Een gesprek organiseren was niet eenvoudig. Vladislav Kislyakov bevindt zich in een streng regime-kolonie en de communicatie met hem is om bekende redenen beperkt. Misschien zou hij zelf die gebeurtenissen niet willen herinneren, maar zijn kameraden wapens hij kreeg te horen "moet". De leiding van de GUFSIN gaf ook groen licht. De bijeenkomst vond plaats in het kantoor van het plaatsvervangend hoofd van de kolonie.
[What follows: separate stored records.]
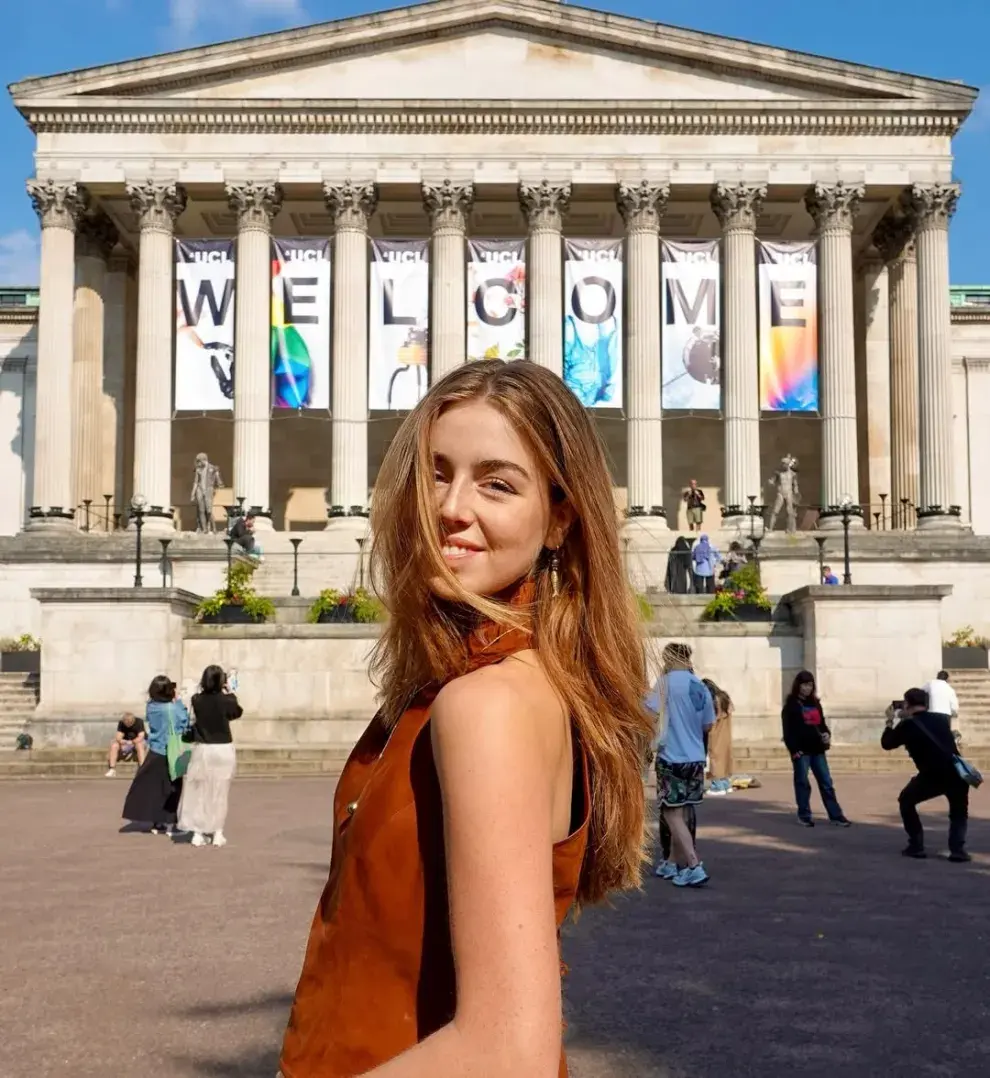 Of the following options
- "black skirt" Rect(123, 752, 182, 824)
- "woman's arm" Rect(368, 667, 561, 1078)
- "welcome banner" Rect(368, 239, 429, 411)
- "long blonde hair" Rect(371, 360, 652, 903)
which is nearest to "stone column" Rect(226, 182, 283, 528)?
"welcome banner" Rect(368, 239, 429, 411)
De deur ging open en een magere man in een zwart gevangenisuniform kwam binnen. Vladislav nam de enige overgebleven foto mee ter nagedachtenis aan Abchazië. Het is gemaakt in 1993. Daarop werd hij gefotografeerd met twee vrienden van een aparte Kozakken Don Honderd (OKDS). Ze zien eruit als kleine jongens die machinegeweren in hun handen mochten houden. Vladislav (hij staat helemaal links) op deze kaart is pas 16 jaar oud. Maar deze jongens namen Sukhumi en werden winnaars in een volkomen kinderachtige oorlog. Beide jongens die met Vladislav Kislyakov speelden, leven niet meer ...
We praten over gebeurtenissen die, hoewel ze geschiedenis zijn geworden, nog steeds relevant zijn. Er heerst een broze vrede in Abchazië, die elk moment kan uitmonden in een nieuwe oorlog. Vladislav Kislyakov vertelt over de oorlog zoals hij die van zijn kant van het front zag. Het is mogelijk dat er mensen zijn die zich dezelfde gebeurtenissen herinneren vanuit tegengestelde posities, op een heel andere manier ...
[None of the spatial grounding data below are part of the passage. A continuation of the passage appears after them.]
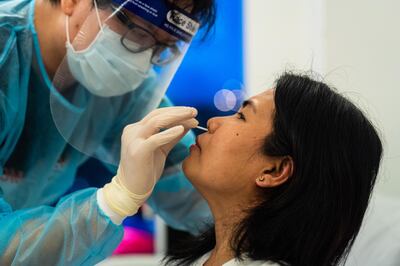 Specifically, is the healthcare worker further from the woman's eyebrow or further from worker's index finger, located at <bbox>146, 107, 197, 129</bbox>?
the woman's eyebrow

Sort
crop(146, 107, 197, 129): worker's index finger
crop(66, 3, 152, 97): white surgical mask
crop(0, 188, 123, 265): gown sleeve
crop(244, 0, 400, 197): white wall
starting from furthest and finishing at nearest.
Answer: crop(244, 0, 400, 197): white wall
crop(66, 3, 152, 97): white surgical mask
crop(146, 107, 197, 129): worker's index finger
crop(0, 188, 123, 265): gown sleeve

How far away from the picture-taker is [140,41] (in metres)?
1.23

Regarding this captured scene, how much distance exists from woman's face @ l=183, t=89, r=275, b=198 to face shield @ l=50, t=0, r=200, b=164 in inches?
12.6

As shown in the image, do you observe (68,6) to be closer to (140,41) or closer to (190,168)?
(140,41)

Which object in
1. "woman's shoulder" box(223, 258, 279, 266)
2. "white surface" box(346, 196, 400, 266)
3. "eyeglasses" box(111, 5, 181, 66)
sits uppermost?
"eyeglasses" box(111, 5, 181, 66)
- Vladislav, u was een van de jongste deelnemers aan het Georgisch-Abchazische conflict. Waarom nam je op 16-jarige leeftijd een machinegeweer en ging je ten strijde?
- In 1993 was ik net klaar met de achtste klas. Ik heb nog geen keuze gemaakt voor mijn leven, ik was op zoek naar mezelf. Maar twee jaar lang zat hij in de Kozakkenbeweging, namelijk in het 96e regiment. Bedenk dat in het begin van de jaren negentig ineenstorting, anarchie en onrust heersten in het land. Alles om me heen stortte in. En de jongens van het 90e regiment waren stevig, gedisciplineerd en vooral, ze waren bezig met echt werk ... Dit zijn de gebeurtenissen in Salsk en vervolgens in Veshenskaya. Op 96-jarige leeftijd zag ik de regimentsjongens in Transnistrië.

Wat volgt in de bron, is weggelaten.